### Your task:
An exact transcription is needed, starting at the line containing "this 640×480 image." and running through the last line of the records, with every picture left out.

##### The data

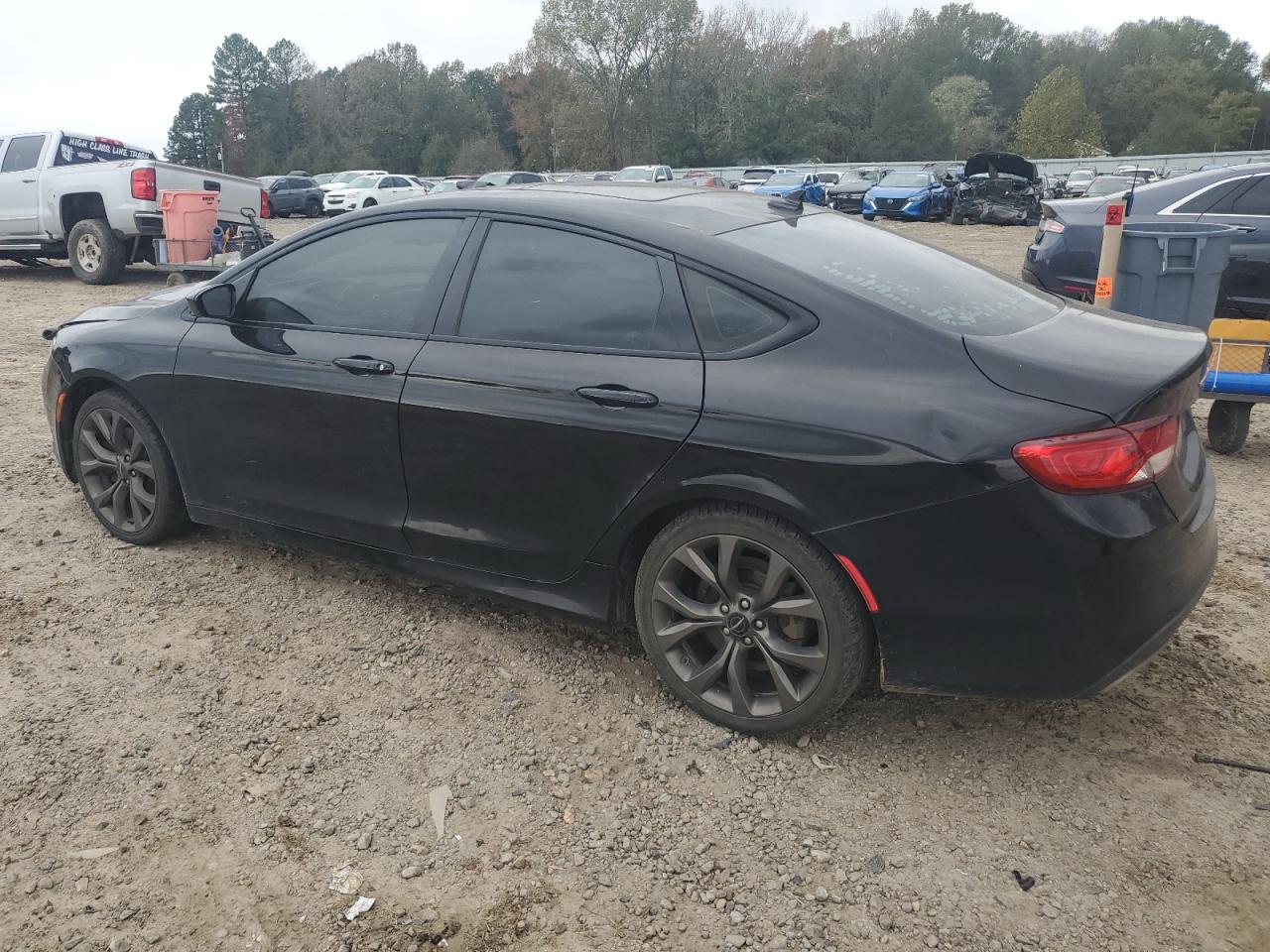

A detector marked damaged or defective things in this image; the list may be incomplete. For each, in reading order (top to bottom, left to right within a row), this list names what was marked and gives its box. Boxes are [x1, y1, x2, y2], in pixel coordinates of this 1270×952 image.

damaged vehicle [952, 153, 1040, 227]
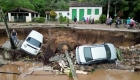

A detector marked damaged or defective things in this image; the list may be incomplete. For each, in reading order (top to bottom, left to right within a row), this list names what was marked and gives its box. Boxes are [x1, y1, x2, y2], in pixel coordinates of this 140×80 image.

damaged vehicle [20, 29, 43, 55]
flood damage [0, 26, 140, 79]
damaged vehicle [75, 42, 117, 64]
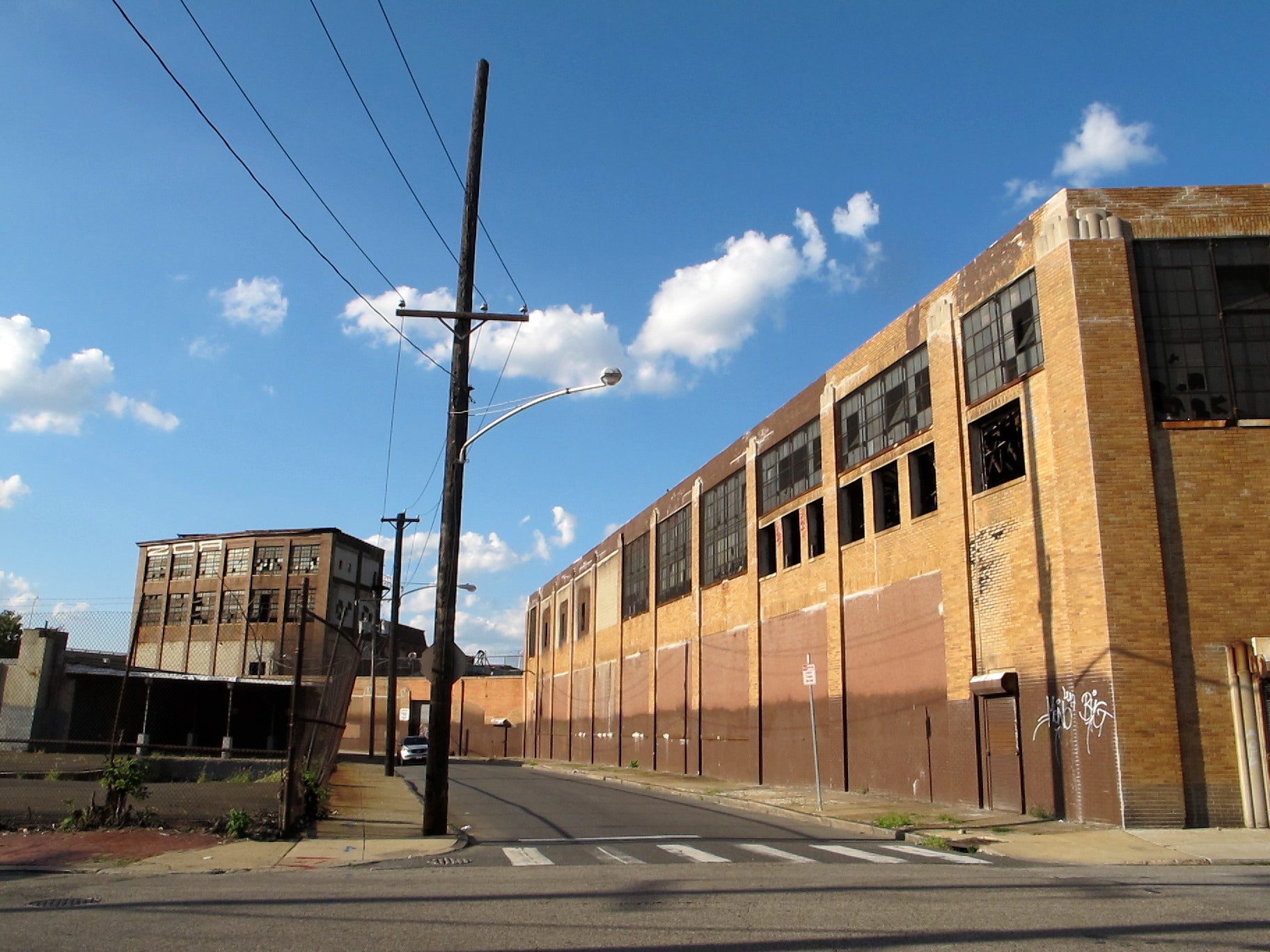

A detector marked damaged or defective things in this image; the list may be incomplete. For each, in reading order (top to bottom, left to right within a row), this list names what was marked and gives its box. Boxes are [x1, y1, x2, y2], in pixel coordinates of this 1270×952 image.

broken industrial window [964, 270, 1042, 404]
broken industrial window [1136, 237, 1264, 420]
broken industrial window [621, 532, 649, 621]
broken industrial window [660, 507, 691, 601]
broken industrial window [699, 468, 746, 585]
broken industrial window [758, 523, 780, 576]
broken industrial window [780, 512, 797, 565]
broken industrial window [841, 476, 869, 543]
broken industrial window [836, 348, 930, 470]
broken industrial window [875, 459, 902, 529]
broken industrial window [908, 445, 936, 518]
broken industrial window [975, 401, 1025, 490]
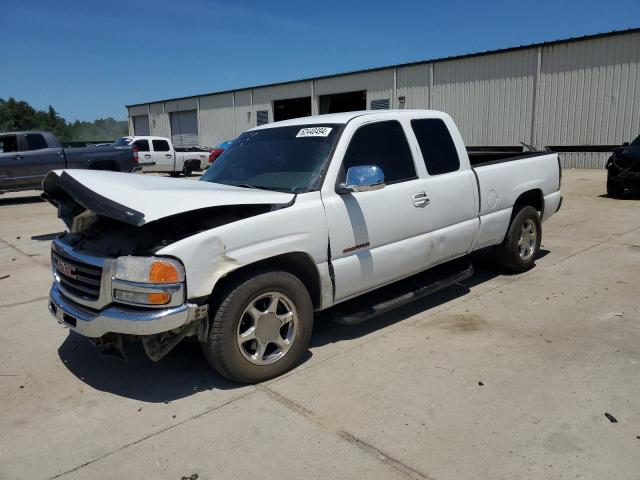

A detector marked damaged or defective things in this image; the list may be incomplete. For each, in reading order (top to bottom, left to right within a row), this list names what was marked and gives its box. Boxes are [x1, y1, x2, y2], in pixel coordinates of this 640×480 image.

crumpled hood [41, 169, 296, 227]
damaged front end [42, 171, 296, 362]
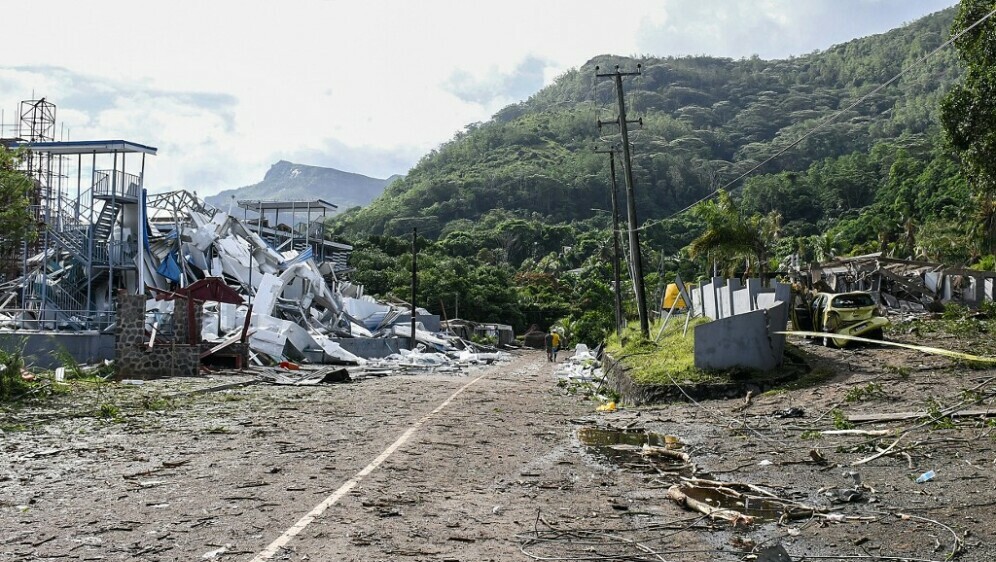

##########

### Completed exercise:
A detector marked damaged or defective things in this image; the list may be incomplete. For each, in reading order (top to bottom, left to right within a row), this list names what was marked and gives its box. Boxes are [x1, y1, x2, y2], in pixel coordinates of this 640×480 image.

crumpled hood [41, 169, 296, 227]
damaged front end [42, 171, 296, 362]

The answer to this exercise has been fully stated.